### Problem statement
In the copy you make of the entries, no picture should appear, and every word must match.

### Dataset records
=== Begin Enclosure ===

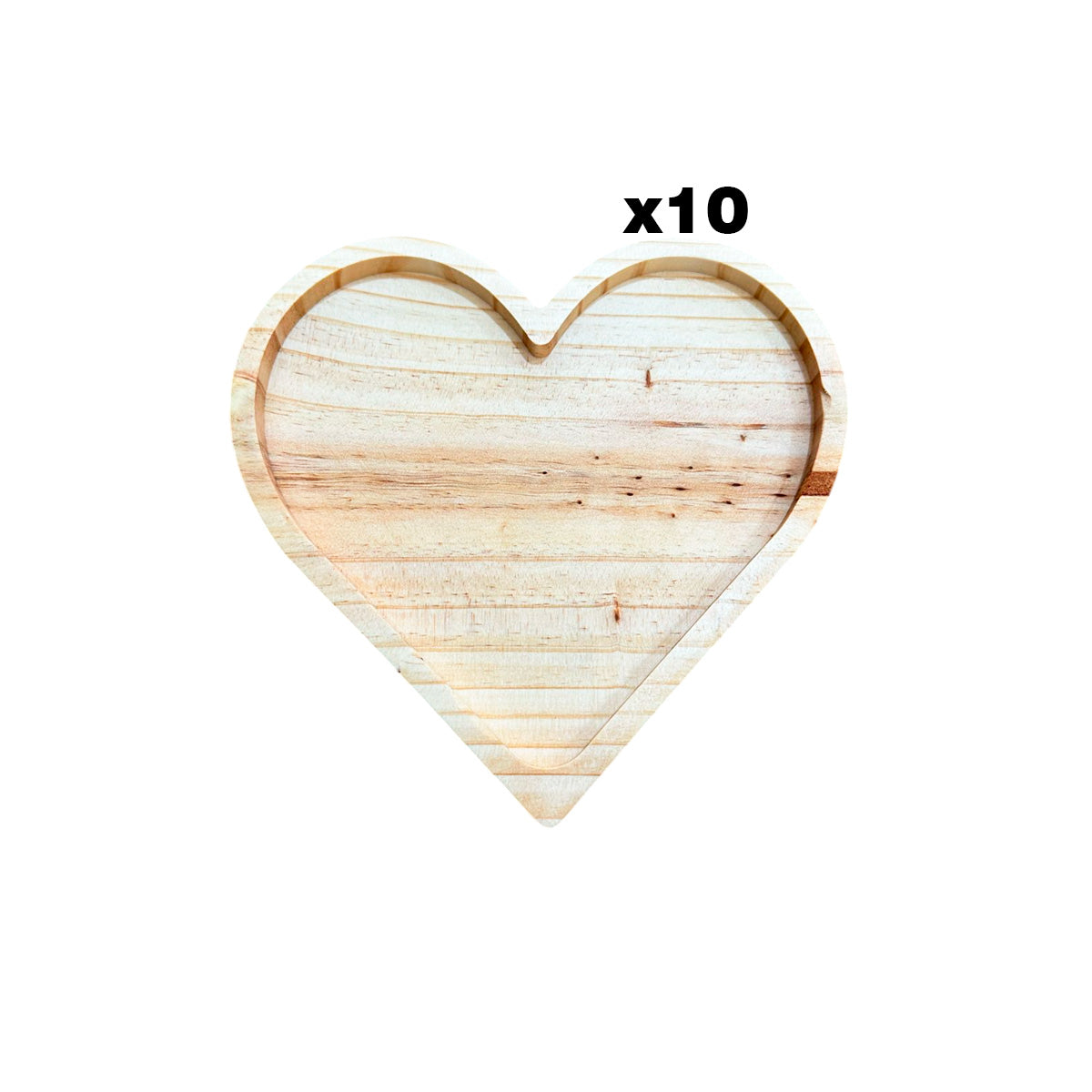 Imagen de una tabla de picoteo en forma de corazón hecha de madera clara, con un diseño elegante y rústico. Se muestra un pack de 10 unidades.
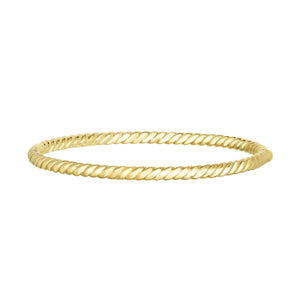 14kt Gold 7.25 inches Yellow Finish 3.8mm Polished Italian Cable Bangle with Box Clasp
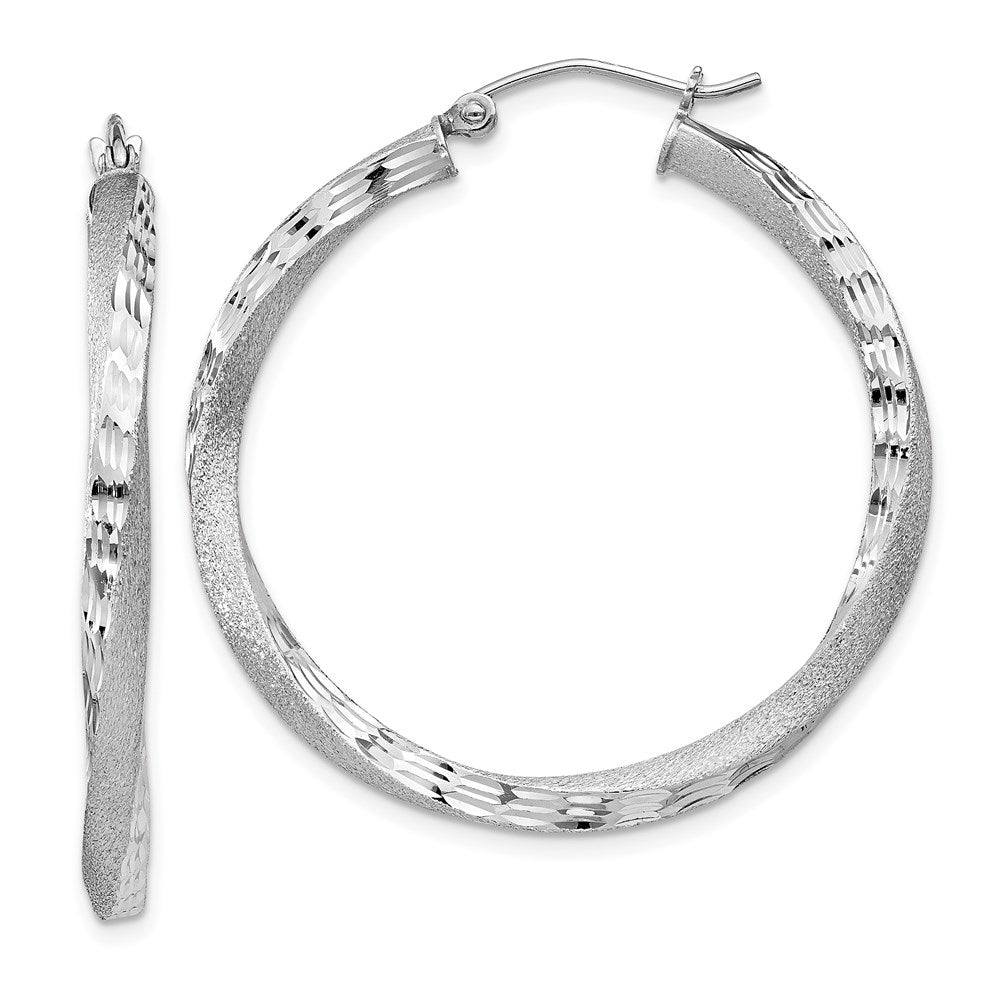 Sterling Silver Rhod-Plated Satin Diamond-Cut Twisted 3X35mm Hoop Earrings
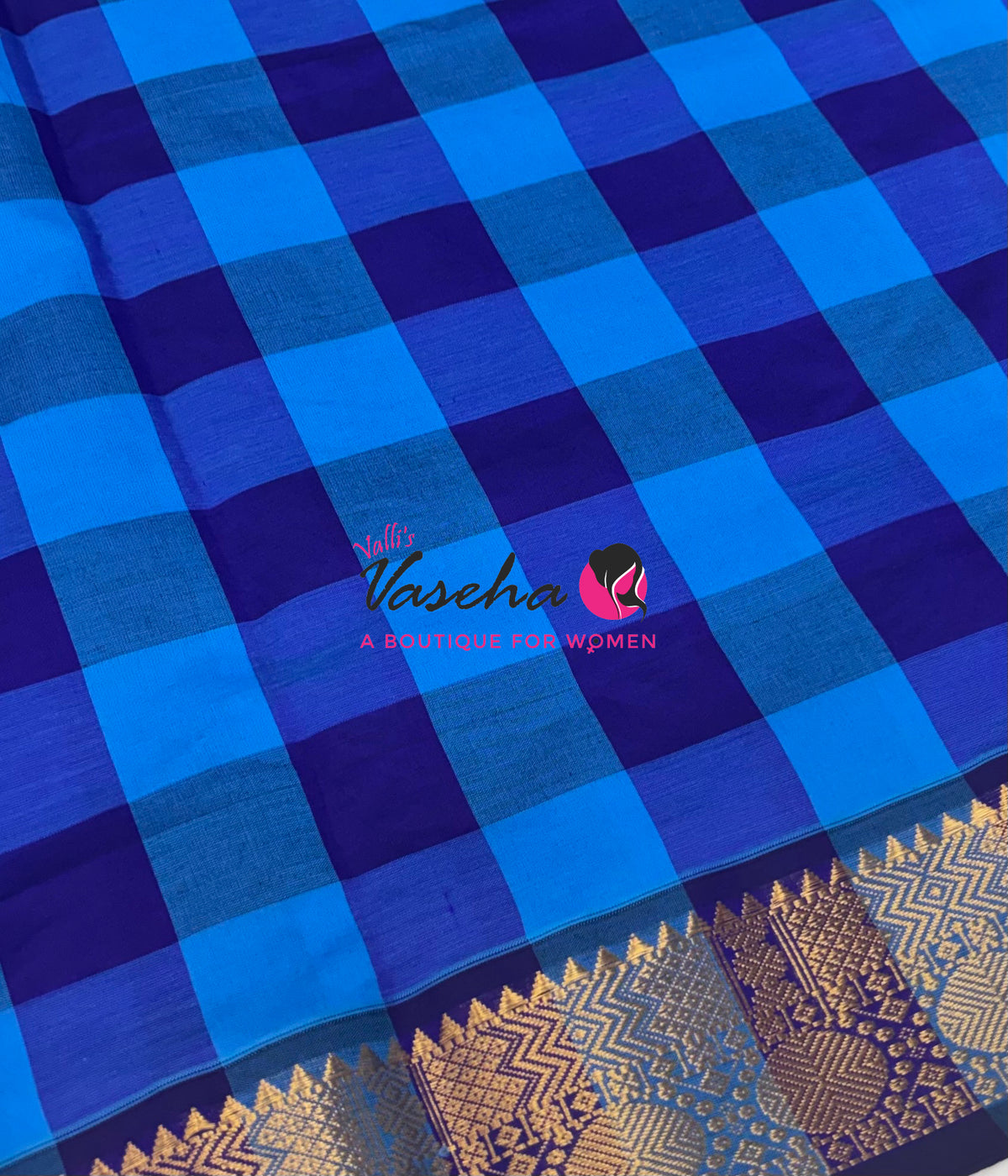Semi Silk Cotton Saree |  Pazhum Pazhamum Checks Design |VVSSC018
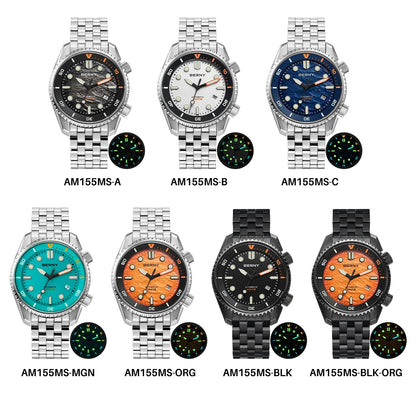 BERNY Diver Automatic Watches Men's Luxury Sapphire 316L Stainless Steel Mechanical Watch 42MM 200M Waterproof Diving Men Watch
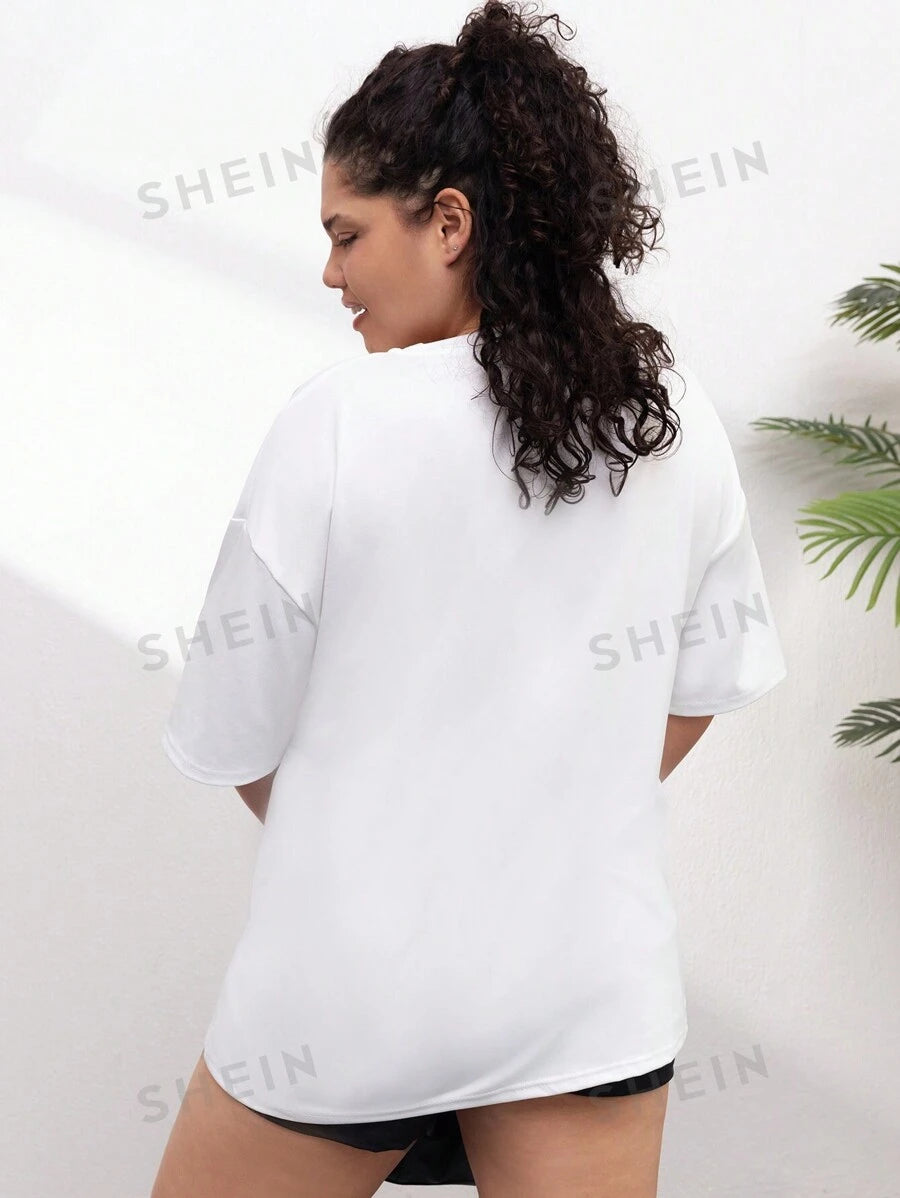 SHEIN Essnce Plus Size Summer Landscape & Letter Printed Casual T-Shirt, ROME ITALY THE ETERNAL CITY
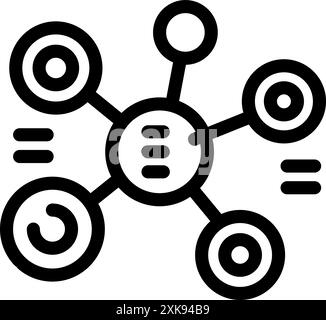Network hub connecting multiple devices with data flowing, symbolizing efficient connectivity and information exchange Stock Vector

=== End Enclosure ===

### Task solution
 Imagen de una tabla de picoteo en forma de corazón hecha de madera clara, con un diseño elegante y rústico. Se muestra un pack de 10 unidades.
 14kt Gold 7.25 inches Yellow Finish 3.8mm Polished Italian Cable Bangle with Box Clasp
 Sterling Silver Rhod-Plated Satin Diamond-Cut Twisted 3X35mm Hoop Earrings
Semi Silk Cotton Saree |  Pazhum Pazhamum Checks Design |VVSSC018
 BERNY Diver Automatic Watches Men's Luxury Sapphire 316L Stainless Steel Mechanical Watch 42MM 200M Waterproof Diving Men Watch
 SHEIN Essnce Plus Size Summer Landscape & Letter Printed Casual T-Shirt, ROME ITALY THE ETERNAL CITY
Network hub connecting multiple devices with data flowing, symbolizing efficient connectivity and information exchange Stock Vector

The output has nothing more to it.